Grave digging dirges

Who killed Cock Robin? Even a cheery new advent calendar can be turned to darkness by a sufficiently morbid mind set

Who killed Cock Robin? Even a cheery new advent calendar can be turned to darkness by a sufficiently morbid mind set.

It’s an occupational hazard of archaeology that songs can get awkwardly stuck in your slightly under-employed head. I struggled with this today as I shovelled away weary bucket loads of sand, trying to dig one end of my latest gentleman out of a metre-high baulk. The dead show tiresome little respect for the site grid.

In the normal run of things I don’t mind a jolly digging tune to make the day go faster (unless it is the endless nasal whining which passes for music on the workmen’s favourite radio station). However, when it comes to digging up the dead my subconscious can throw up some pretty morbid stuff, sending me into horrible reflections on mortality and my wasted life.

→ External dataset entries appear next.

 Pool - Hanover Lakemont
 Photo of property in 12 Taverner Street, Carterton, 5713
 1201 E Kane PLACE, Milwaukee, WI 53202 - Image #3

Today’s pre-second-breakfast pep-talk was provided by the looped last verse of an old Isla Cameron song I didn’t realise I knew:

“Dig me my grave long, wide and deep,

                Put a marble stone at my head and feet,

                And a turtle-white dove set over above,

                For to let the world know that I died for love.”

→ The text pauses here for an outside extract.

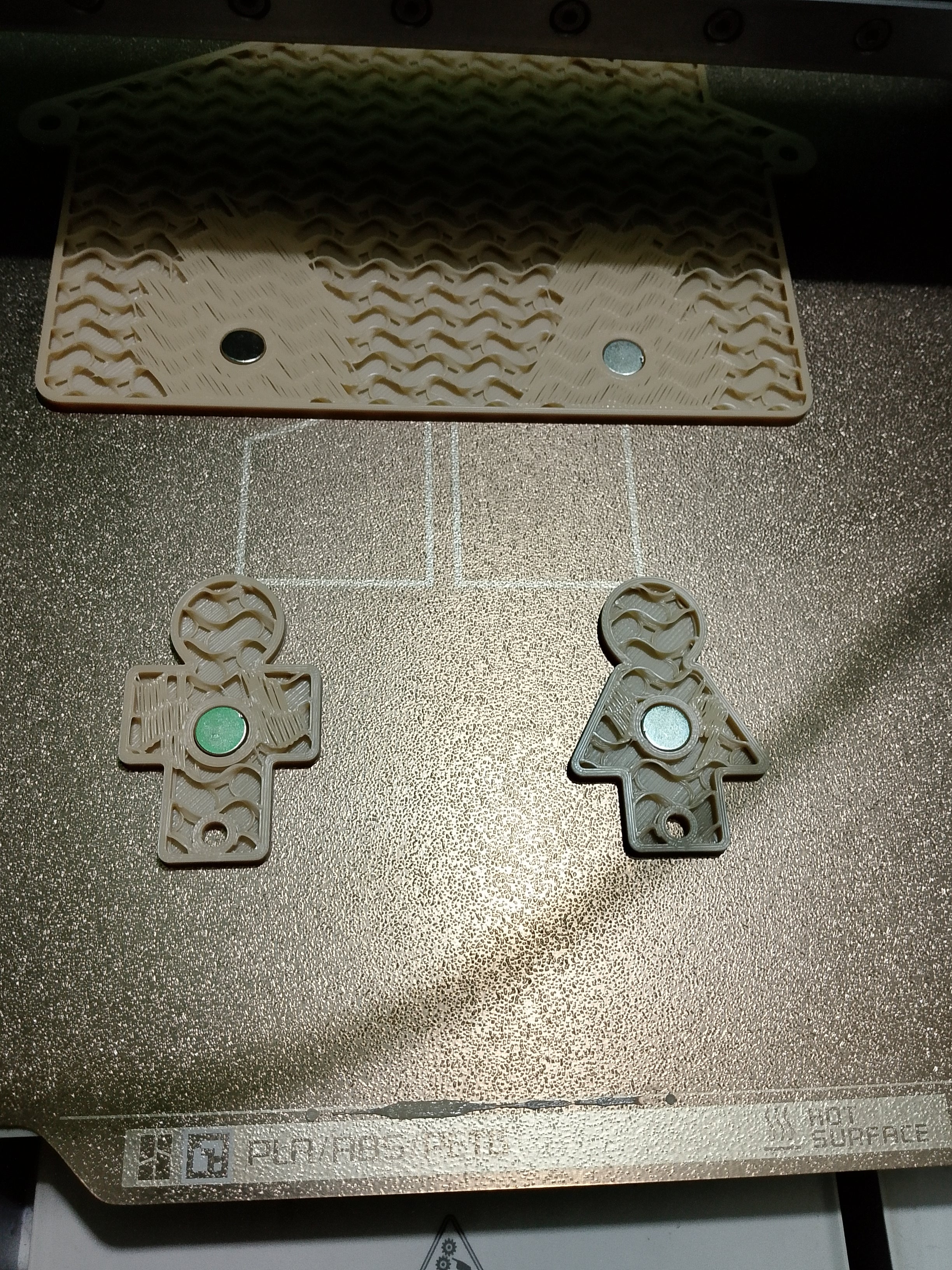 Customizable Magnetic Family Key Hanger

Thank you, dark little soul.

After second breakfast things perked up for a while when I found a fully articulated pelvis in the east end of the grave, complete with some well preserved pubic hair and a highly unpleasant smell. This was a happily accompanied by Foster the People’s Pumped up Kicks.

By the time the hairy skull appeared at around 12:30pm, the darkness within was reasserting itself and the rest of the working day dragged to its end backed with the chorus to a Bonny Prince Billy song, the name of which escapes me, going round and round and generally down:

“How long? Not so long,

                ‘til death knocks at your door.

                As the rain falls over everyone,

                So the reaper keeps his score.”

I left my half-excavated grave for tomorrow with a heavy, death-filled heart, in the sure and certain knowledge that the one metre baulk will collapse into it over night.

All of these songs were in fact more enjoyable than the one I had going on on Thursday, which was about incest (currently a sensitive issue among the dig house cat community, alas).

Today's noisome gentleman (artist's impression).

Today’s noisome gentleman (artist’s impression).